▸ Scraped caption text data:
++++++

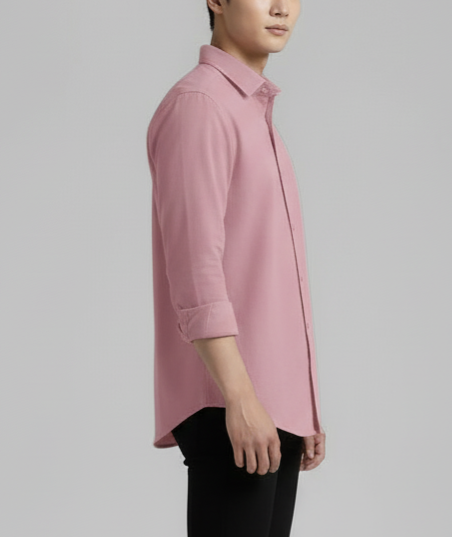 The Dusty Rose Mauve Casual Button-Down Shirt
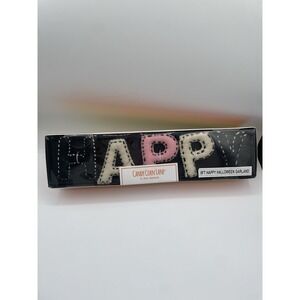 Happy‎ Halloween Black White Pink Felt 6' Garland Candy Corn Lane New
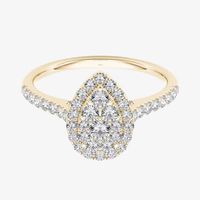 3/4 CT.T.W. Natural Diamond 10K Yellow Gold Pear-Shaped Engagement Ring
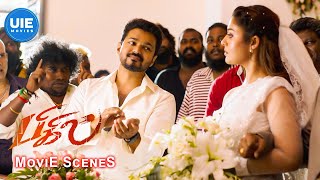 Bigil Movie Scenes  Vijay intervenes in Nayantharas wedding creating chaos  Vijay  Nayanthara [upl. by Sualokcin783]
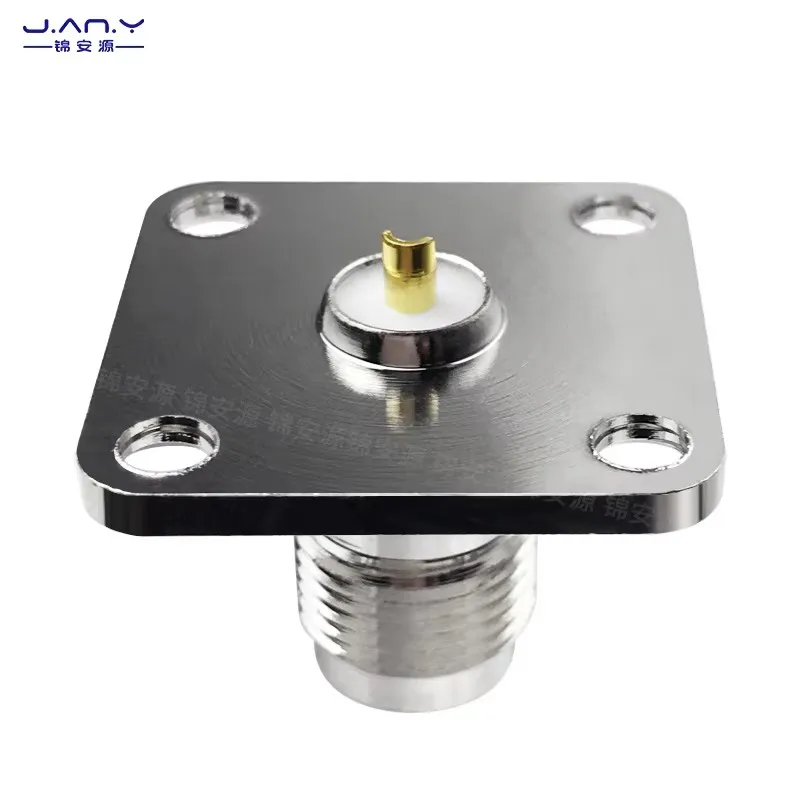 Copper TNC/L12 male/female headband flange fixed RF high frequency coaxial connector four hole square plate welding signal seat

++++++

Please write out all the entries above exactly, but leave out the pictures.

 The Dusty Rose Mauve Casual Button-Down Shirt
 Happy‎ Halloween Black White Pink Felt 6' Garland Candy Corn Lane New
 3/4 CT.T.W. Natural Diamond 10K Yellow Gold Pear-Shaped Engagement Ring
 Bigil Movie Scenes  Vijay intervenes in Nayantharas wedding creating chaos  Vijay  Nayanthara [upl. by Sualokcin783]
 Copper TNC/L12 male/female headband flange fixed RF high frequency coaxial connector four hole square plate welding signal seat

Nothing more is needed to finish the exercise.